Health Score Metrics as a Software Craftsmanship Enabler
The notion of software craftsmanship is sometimes a muddy one. On the one hand, engineers find it hard to grasp and materialize craftsmanship, which is an abstract objective that, by itself, provides little guidance to the software engineering practice. On the other hand, craftsmanship is often narrowed down to a handful of "best practices" that engineers are expected to follow. Neither of these limited definitions helps much in improving software quality. During 2016, an R&D initiative for software craftsmanship was one of the technical priorities across the engineering organization at LinkedIn. As a part of this initiative, we decided to take the approach of quantifying some components of software craftsmanship to help guide our engineers towards better software development practices and software quality. The ultimate goal is to provide concrete and actionable guidelines for every piece of software being created at LinkedIn. With this goal in mind, we built a health score platform that collects and presents craftsmanship-elevating metrics, and provides a framework for convenient extension. We also proposed and implemented an initial set of metrics and plugged them into this platform.

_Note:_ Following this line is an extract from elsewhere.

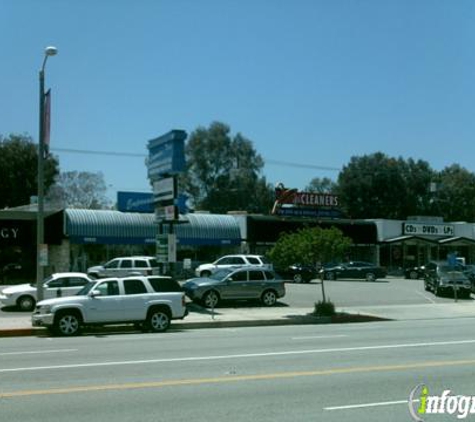 CiCi's - Tarzana, CA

This health score platform is built on top of LinkedIn's in-house development framework. Under this framework, the entire LinkedIn software ecosystem is broken down into releasable logical units of software known as "multiproducts." Each release of a multiproduct is associated with a semantic version and may depend on specified versions of other multiproducts. Thus, the multiproduct framework centers around the core concepts of dependency management, version control, and build systems. The multiproduct framework unifies various underlying technologies for software development, makes iterations of development faster, and is the backbone of LinkedIn's software delivery pipeline. Accordingly, our health score platform, which we refer to as “multiproduct health score,” tries to realize a model for measuring software craftsmanship at LinkedIn by considering factors such as quality of source code, state of dependencies, and semantic fidelity of product versions. Based on these aspects, we identified some quantifiable metrics (referred to as “multiproduct health metrics”), and synthesized them into a score by a configurable function (referred to as the “multiproduct health model”). Each multiproduct health metric is scaled to the standard value range of [0%, 100%]. The extensible nature of the platform enables us to plug in custom multiproduct health metrics and models in a convenient manner.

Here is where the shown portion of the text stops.